# Work to be completed:
Your output should be exactly the lines from the one containing "Zebra Sarasa Dry 0.5mm, $2.84" through the final line of the following data, please, with no pictures.

# Given material:
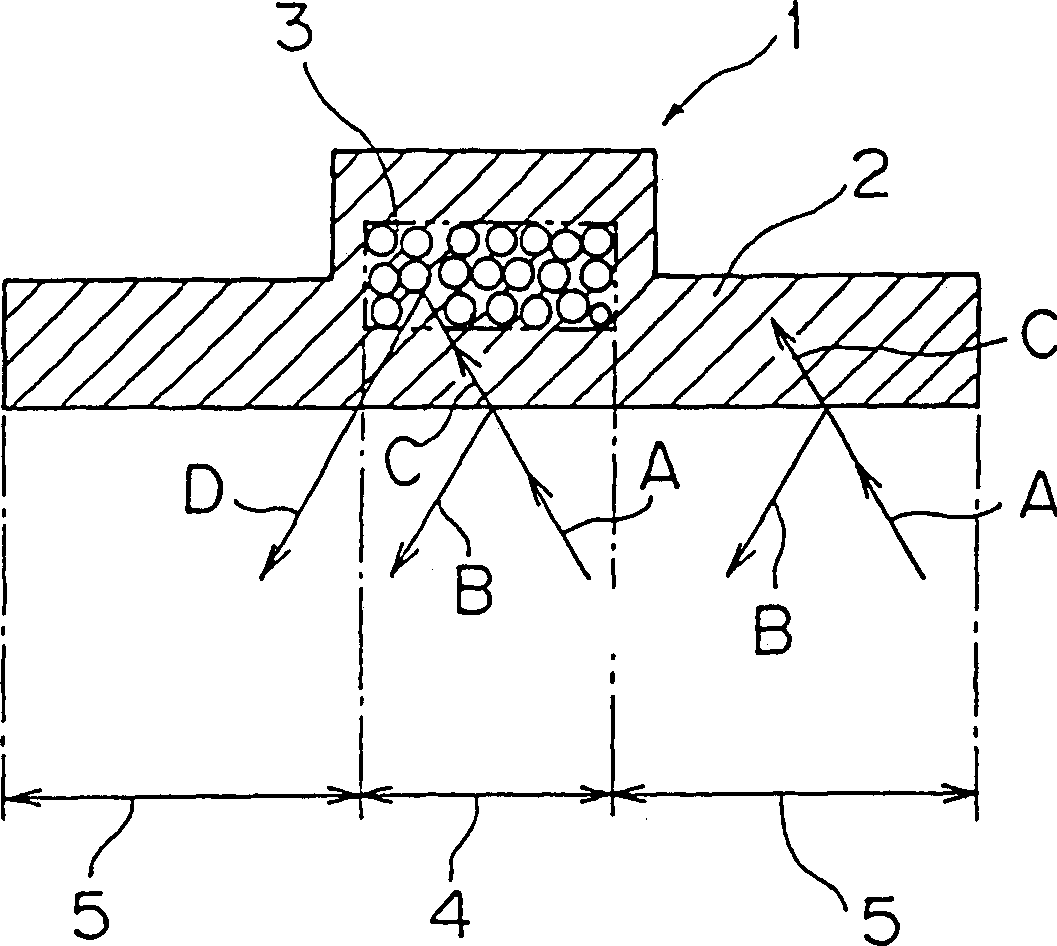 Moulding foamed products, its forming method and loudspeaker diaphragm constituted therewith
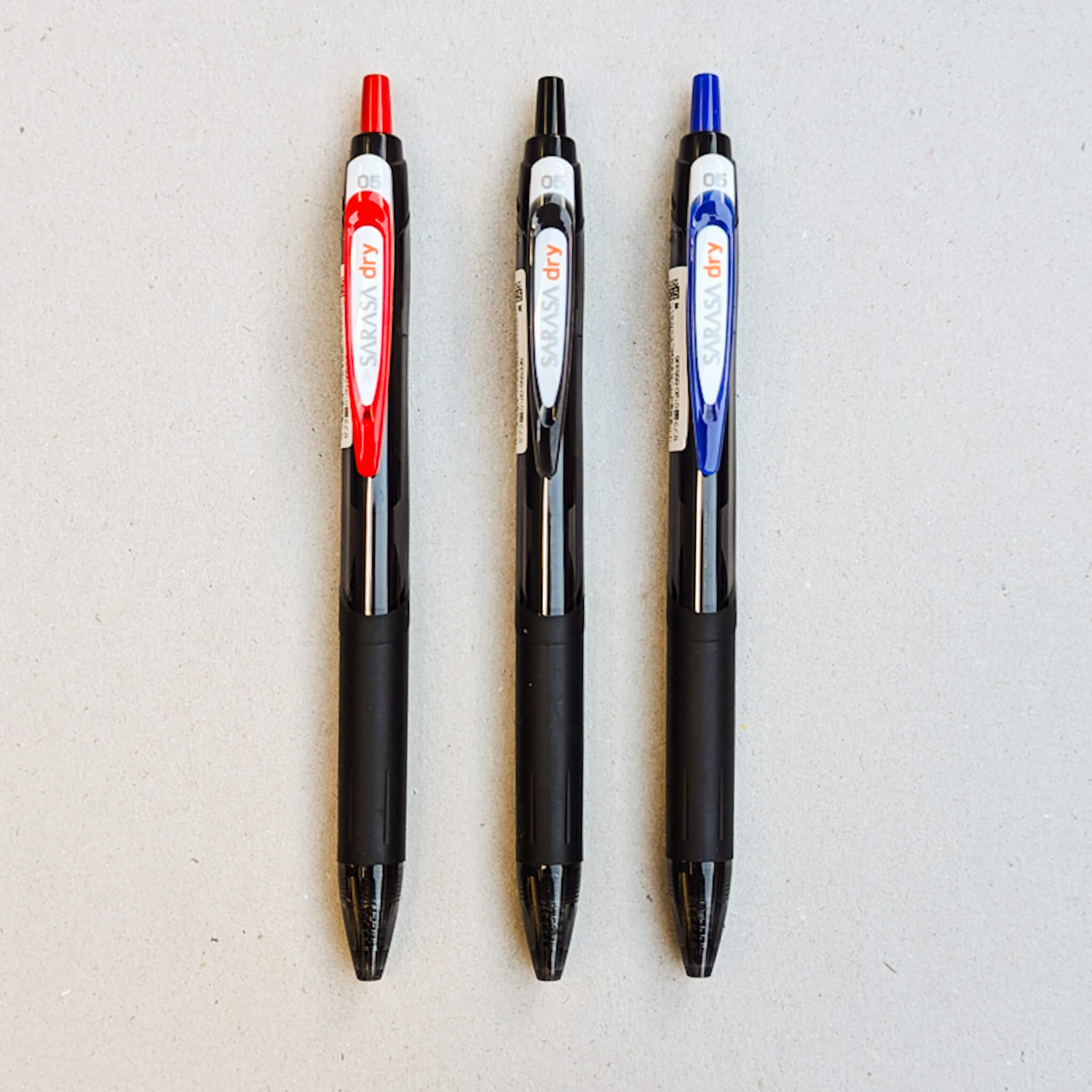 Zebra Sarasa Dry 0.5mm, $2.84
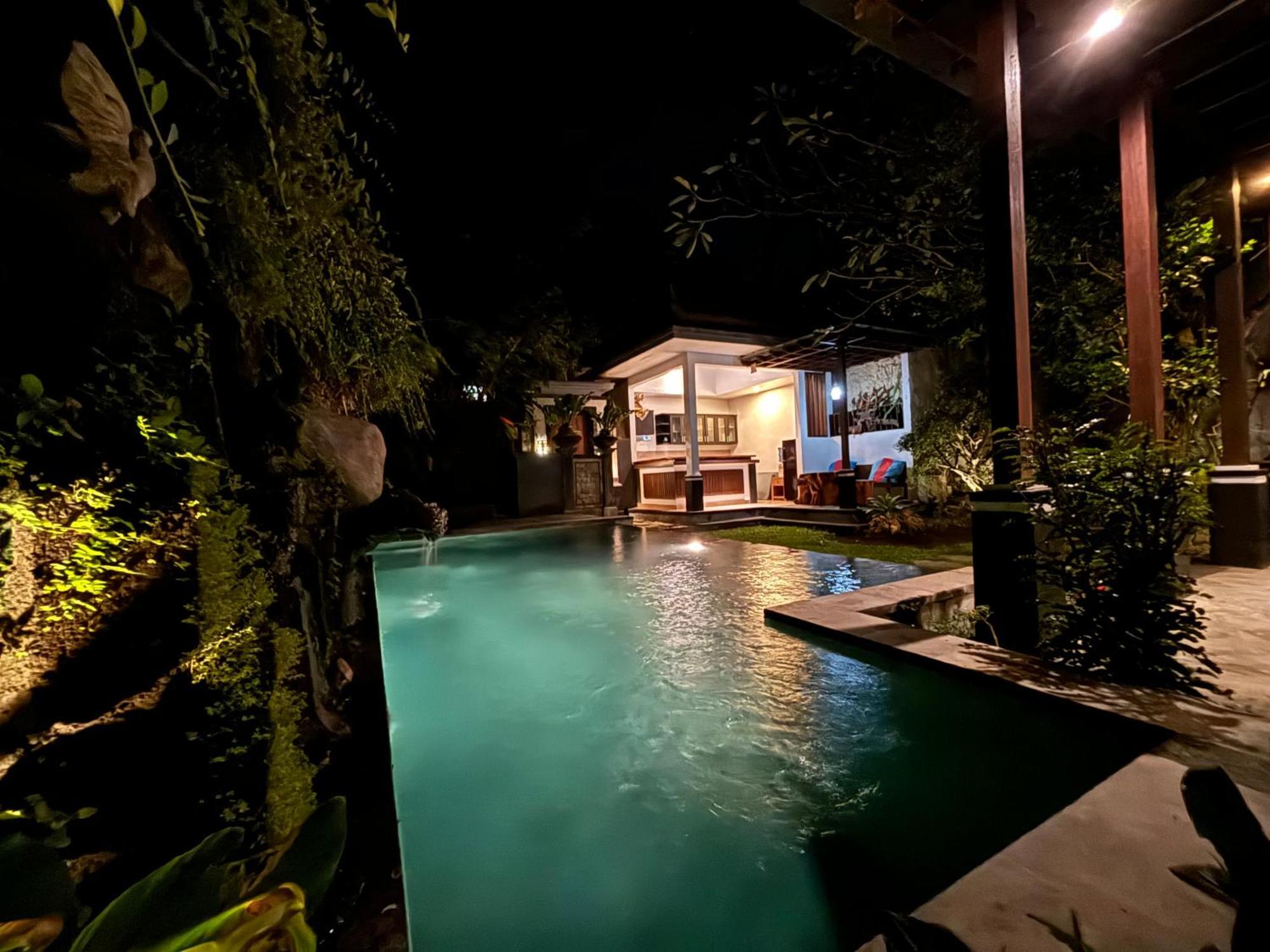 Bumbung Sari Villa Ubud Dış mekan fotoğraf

# Your solution:
 Zebra Sarasa Dry 0.5mm, $2.84
 Bumbung Sari Villa Ubud Dış mekan fotoğraf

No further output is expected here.